_RECORDS PROVIDED:_
###

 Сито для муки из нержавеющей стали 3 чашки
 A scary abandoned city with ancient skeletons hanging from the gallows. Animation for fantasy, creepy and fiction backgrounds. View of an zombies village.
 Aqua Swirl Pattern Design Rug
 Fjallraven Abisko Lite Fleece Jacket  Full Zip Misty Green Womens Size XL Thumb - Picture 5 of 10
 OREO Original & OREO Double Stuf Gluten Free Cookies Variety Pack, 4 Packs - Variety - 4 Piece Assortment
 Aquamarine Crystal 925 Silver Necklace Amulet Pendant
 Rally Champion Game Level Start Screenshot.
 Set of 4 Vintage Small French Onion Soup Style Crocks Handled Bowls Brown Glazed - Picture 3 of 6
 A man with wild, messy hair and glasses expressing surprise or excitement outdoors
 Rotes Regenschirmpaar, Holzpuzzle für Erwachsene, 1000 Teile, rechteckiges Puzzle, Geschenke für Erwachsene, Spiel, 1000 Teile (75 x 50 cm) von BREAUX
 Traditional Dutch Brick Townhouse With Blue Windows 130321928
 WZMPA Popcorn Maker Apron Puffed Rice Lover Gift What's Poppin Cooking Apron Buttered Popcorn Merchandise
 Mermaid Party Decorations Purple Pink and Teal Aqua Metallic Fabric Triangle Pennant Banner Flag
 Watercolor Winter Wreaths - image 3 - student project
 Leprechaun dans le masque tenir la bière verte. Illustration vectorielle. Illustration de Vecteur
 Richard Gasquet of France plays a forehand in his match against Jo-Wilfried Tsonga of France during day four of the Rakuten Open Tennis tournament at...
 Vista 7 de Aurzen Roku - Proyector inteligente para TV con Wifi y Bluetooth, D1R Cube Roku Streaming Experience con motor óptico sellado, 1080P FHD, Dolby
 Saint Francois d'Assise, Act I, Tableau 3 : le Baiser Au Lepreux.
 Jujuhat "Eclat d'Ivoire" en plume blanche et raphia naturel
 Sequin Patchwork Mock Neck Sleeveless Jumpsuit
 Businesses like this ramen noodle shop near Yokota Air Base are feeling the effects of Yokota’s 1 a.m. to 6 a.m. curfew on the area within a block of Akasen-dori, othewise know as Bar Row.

###

_INSTRUCTIONS TO FOLLOW:_ Return, unchanged, the run of lines above that opens with the line containing "OREO Original &" and closes with the line containing "A man with wild, messy". Include both.

_EXERCISE OUTPUT:_
 OREO Original & OREO Double Stuf Gluten Free Cookies Variety Pack, 4 Packs - Variety - 4 Piece Assortment
 Aquamarine Crystal 925 Silver Necklace Amulet Pendant
 Rally Champion Game Level Start Screenshot.
 Set of 4 Vintage Small French Onion Soup Style Crocks Handled Bowls Brown Glazed - Picture 3 of 6
 A man with wild, messy hair and glasses expressing surprise or excitement outdoors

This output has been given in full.